La razón de semejante contradicción es clara: se trató de manifestar con todas las letras la profunda, inmensa, infinita insatisfacción en que vive el país. Desde la destitución de la presidenta electa Dilma Rousseff, hace poco más de dos años, nada de lo prometido ocurrió. Al contrario: la economía siguió en receso, salvo brotes momentáneos de recuperación, el paro de mantuvo en las nubes –existen 13 millones 400 mil desempleados, más 14 millones de subempleados– y no hay luz en el horizonte.
La falta absoluta de liderazgo y de legitimidad del gobierno de Temer se hizo más evidente que nunca en medio a la crisis que estalló en los últimos días de mayo.

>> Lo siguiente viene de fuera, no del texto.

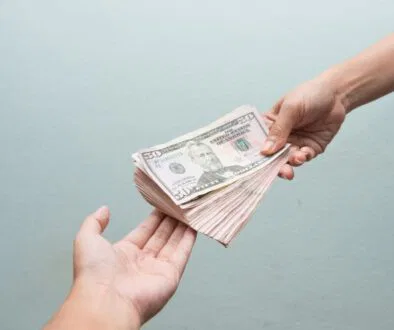 A person receiving money from an inmate.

Al pactar con la patronal de los transportistas, Temer y sus secuaces revelaron a qué punto llega su incompetencia: cedieron todo a cambio de nada.
Si el origen del movimiento estaba en los aumentos cotidianos del combustible, a la hora de sentarse y negociar concedieron todo lo que les fue exigido por los grandes transportistas, sin ninguna garantía de que el paro –que literalmente bloqueó carreteras y autopistas por todo Brasil– sería levantado. Resultado: más desgaste y desmoralización para un gobierno moribundo. El movimiento desapareció por cuenta propia, sin que el gobierno haya tenido ninguna iniciativa.

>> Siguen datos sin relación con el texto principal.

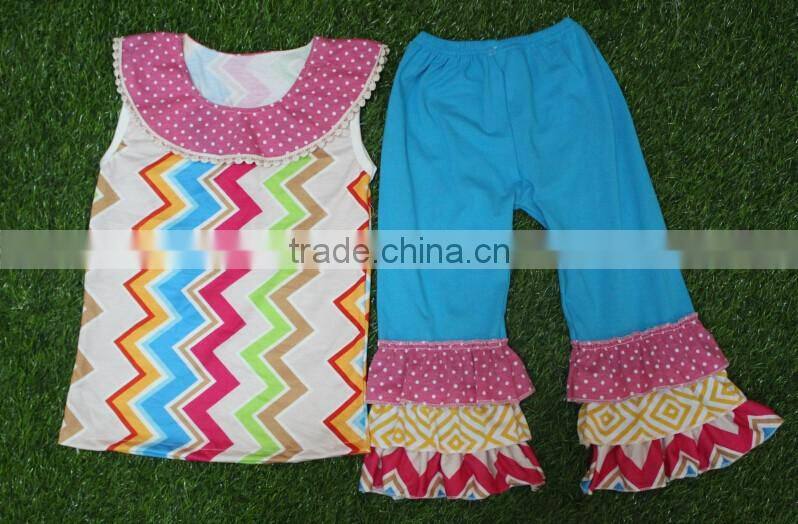 Girls fancy 2016 girls stripe print dress wholesale children boutique clothing children july 4th outfits giggle moon remake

El viernes pasado, otra bomba: el ingeniero Pedro Parente, presidente de la estatal Petrobras, renunció. Y lo hizo de manera irresponsable, cuando la Bolsa de Valores de Brasil estaba en el apogeo. Lo normal sería presentar su renuncia luego del cierre de la jornada en el mercado. ¿Cuántos se habrán beneficiado con la noticia?

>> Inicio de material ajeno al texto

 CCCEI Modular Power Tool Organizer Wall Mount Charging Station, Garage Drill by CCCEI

En el fondo, lo que se discutió a lo largo de la crisis ha sido la política económica impuesta por el gobierno de Temer. En lo que se refiere a Petrobras y a los combustibles, el asunto es sencillo: Temer, obedeciendo al ex presidente Fernando Henrique Cardoso, puso al frente de la Petrobras a Pedro Parente. Sus primeras medidas fueron dirigidas claramente a destrozar la política de energía llevada a cabo primero por Lula da Silva y luego por Dilma Rousseff: disminuir en por lo menos 28 por ciento la producción nacional de gasolina, y aumentar las importaciones. Principal beneficiario: Estados Unidos, que duplicó las exportaciones del combustible a Brasil.
La ecuación es sencilla: con el precio del petróleo y derivados en ascenso, y con la producción interna siendo duramente rebajada, aumentan los gastos y, como consecuencia obvia, el precio se ajusta todos los días –sí: diariamente– el precio de los combustibles se hizo insoportable para los usuarios, mientras aumentaba astronómicamente el lucro de los accionistas de Petrobras, una empresa de capital mixto controlada por el Estado. Las cotizaciones de sus acciones en la bolsa de valores de Nueva York dieron paso a la alegría de los accionistas extranjeros.
En silencio, esa vertiente del golpe que primero destituyó a la presidenta legítima y luego encarceló –sin que existiese una mísera prueba– al ex presidente Luiz Inácio Lula da Silva, estaba triunfante. O sea, la vertiente de la entrega, a las multinacionales, del petróleo brasileño.
La acción entre camioneros y empresas transportistas (vale reiterar que 67 por ciento del transporte en Brasil se da por camiones) puso en relieve lo que era ocultado o ignorado por los medios hegemónicos de comunicación.
La crisis de mayo puso en relieve la inexistencia, la insignificancia del gobierno de Temer.
Resta por saber qué harán ahora con un gobierno moribundo. Faltan cuatro meses para las elecciones y siete para que asuma el nuevo presidente. La primera pregunta, y más urgente, es: ¿habrá elecciones en octubre?, la segunda: ¿lograrán mantener a Temer y su grupo hasta enero del año que viene?, y la tercera: ¿hasta cuándo el país logrará sobrevivir a semejante caos?